My point is that even though I was at the very bottom of my class, no one else in my graduating class had a combination of such “prestigious” jobs on their resume from their time in law school. And I did not get those jobs by doing what everyone at law school will tell you have to to get them. I got those jobs by networking and hustling to get an introduction, interview, contact, or whatever. I was persistent, and when my one chance came I got those jobs with my personality and making people believe in me.
Actually, when I went in for my interview with the judge, I recognized the person who walked out before I went in as one of the Top 10%, Law Review people from school. At that moment I knew I was golden because in addition to their stats on paper they had the sense of entitlement and know-it-all-ness to match. Sure enough, when the interview started, the first thing the judge did was set my resume aside and we just started talking. A year and a half later that judge will be at my wedding.”
I’ve had other e-mail correspondence with this charming young man and what strikes me most is he recognized even before he went to law school that he wanted to be his own boss. As such, he understood the coveted brass rings in law school were not a good use of his time. Others may argue you never know where you are headed and every notch in your belt can only help. But in my experience when someone is truly committed to being their own boss right out of the chute, they want real hands on experience in the world in which they will be functioning and it is a calculated decision how they are going to best utilize their precious resources.

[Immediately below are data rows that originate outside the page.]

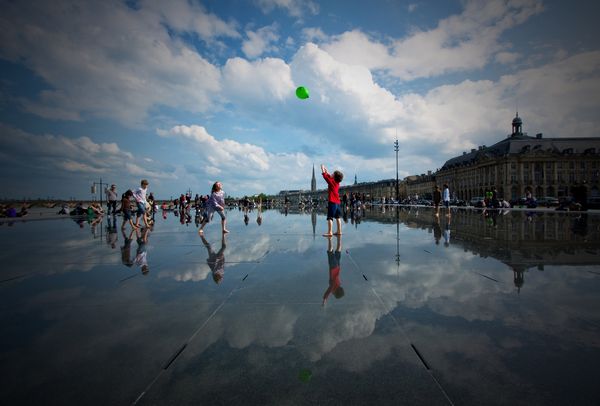 reflection photography examples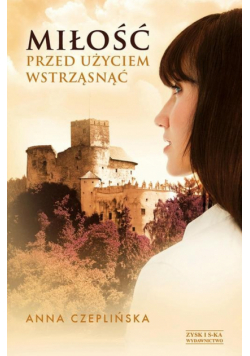 Miłość Przed użyciem wstrząsnąć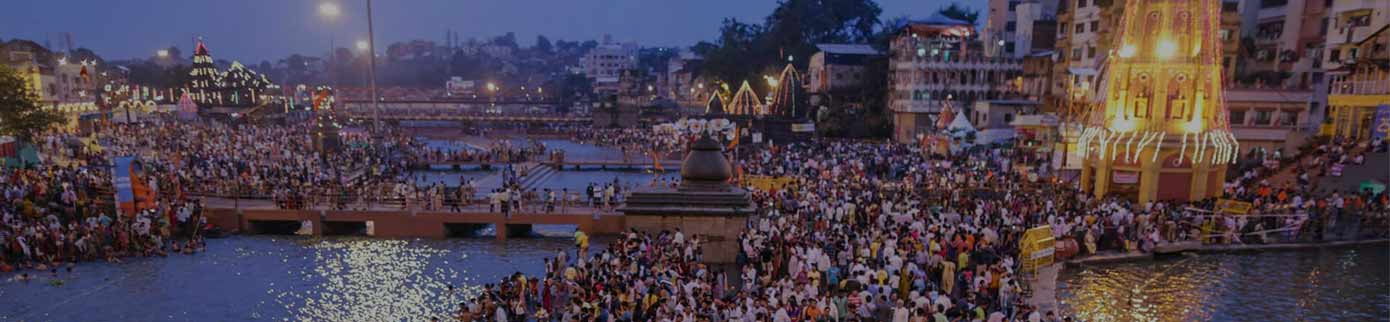 2 Nights 3 Days Mahakumbh Mela Tour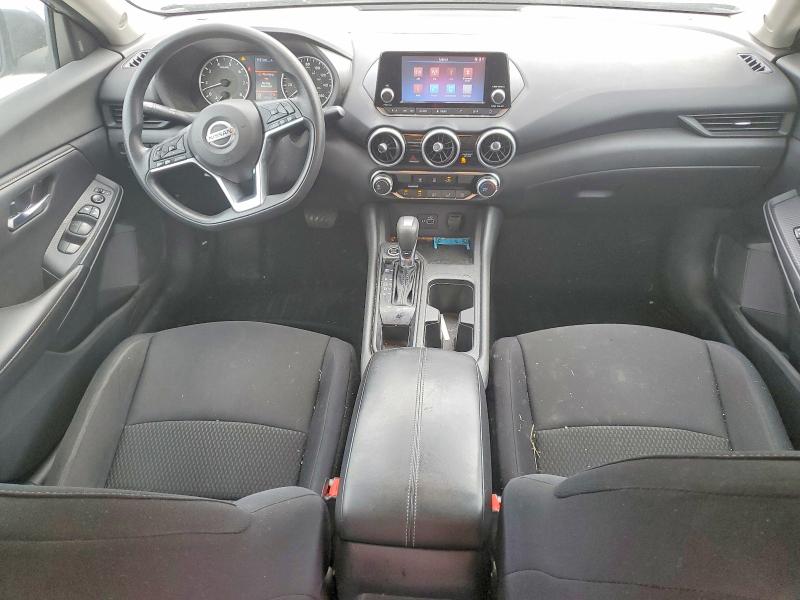 Aukcja sprzedaży 2022 Nissan Sentra, vin: 3N1AB8BV9NY307513, numer aukcji: 51012846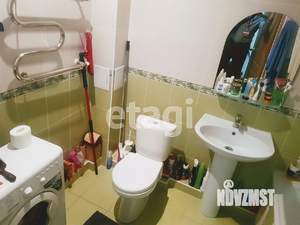 1-к квартира, вторичка, 49м2, 8/8 этаж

This gentleman understood he needed to ‘hustle,’ network, get in the game early on. And he suceeded admirably. Had he been counseled in an entrance interview on the path he wanted to take, going solo, would he have been given the same advice? If he had told the CCSO he didn’t care about his ranking in law school because it was irrelevant to his goals would they have helped him get the positions he did? I think not. No, he got them himself against the odds. And it is an interesting commentary on the judges, as well. It makes you wonder what they are really looking for in their interns.

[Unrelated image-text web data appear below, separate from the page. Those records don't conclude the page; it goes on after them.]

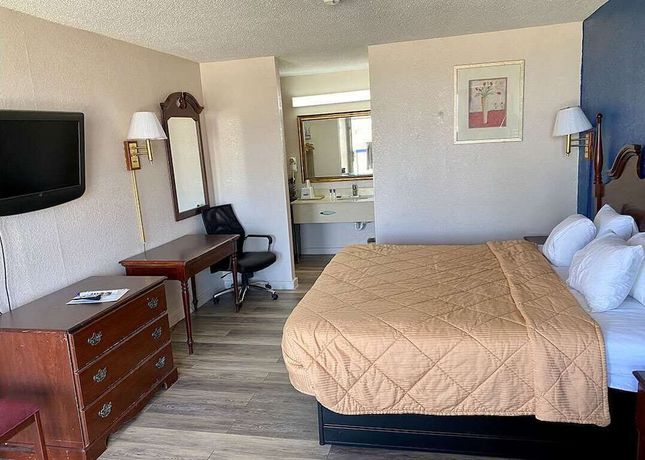 Imagen de la habitación del Hotel Motel 6 Marianna, FL. Foto 19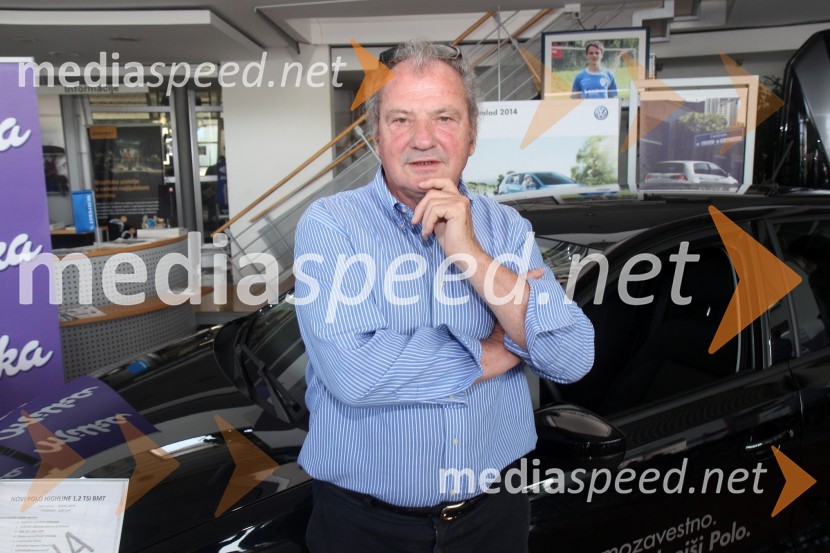  Črt Mesarič, nekdanji predsednik uprave NKBM Tina Maze, novinarska konferenca in predstavitev nove ekipe Team to aMaze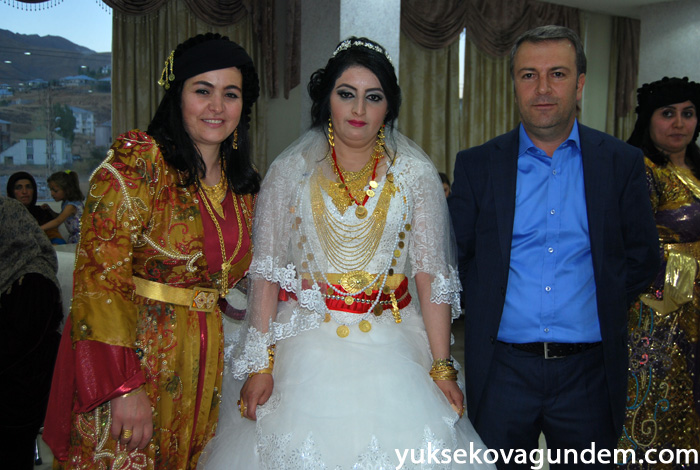 Yüksekova Düğünleri (01-02) Ekim 2016 247
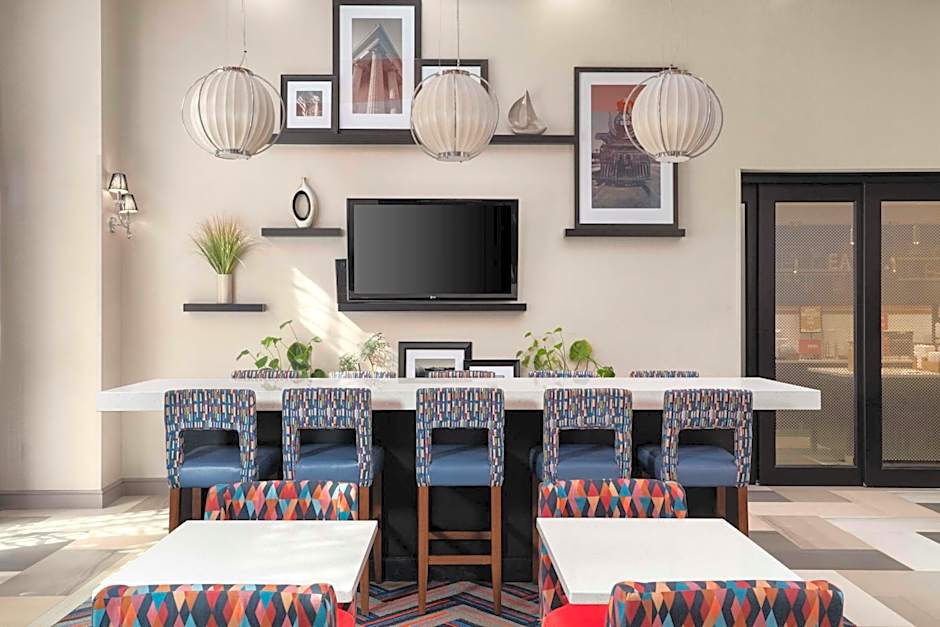 Hampton Inn By Hilton Stafford/Quantico-Aquia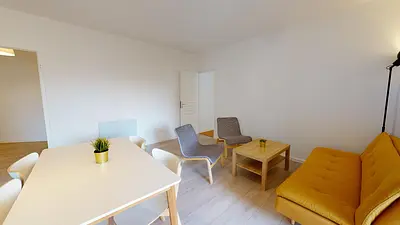 Photo du 48 rue de la Madeleine, 69007 Lyon, France Lyon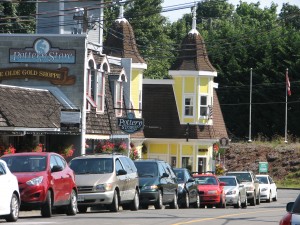 Chemainus street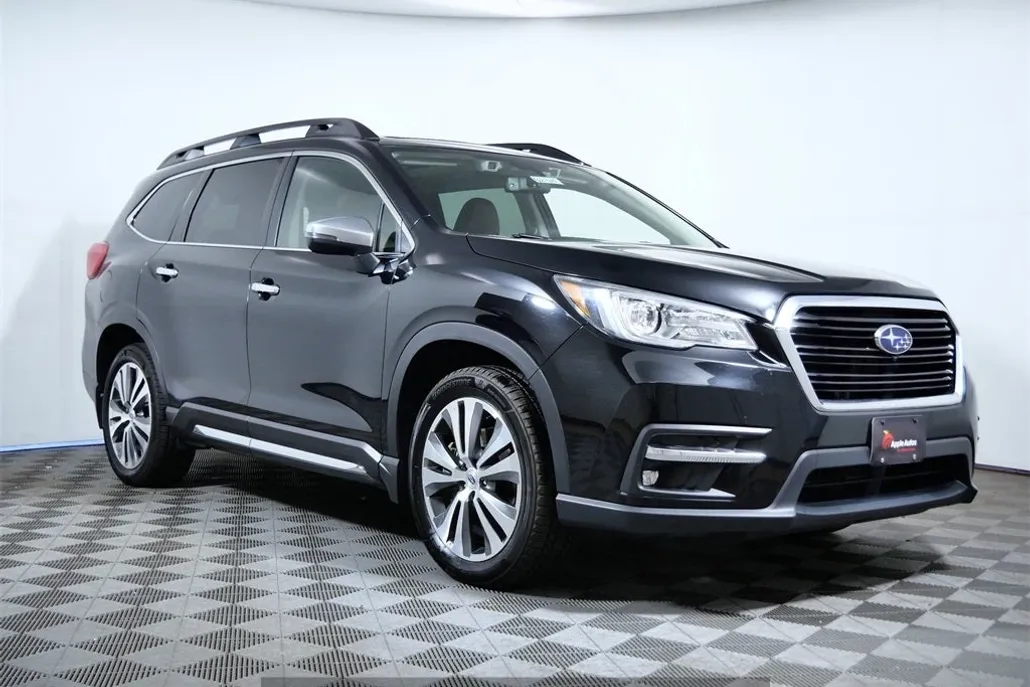 2019 Subaru Ascent Touring photo 1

He says he got those jobs by ‘making people believe in him.’ I venture to say that his belief in himself and his abilities and his committment to the task at hand was what persuaded the judge to hire him over the student who ‘looked good’ on paper.
Everyone in law school does not share the same need or ambition as the next. And as one of my students said, “doesn’t law school have an obligation to address the needs of ‘all’ their students, not just the top 10%?” Well, we all know where I stand on this issue.
And if all goes according to schedule, as soon as his wedding bells ring and he is sworn in, he will be introduced in “Passed The Bar - Hung A Shingle.”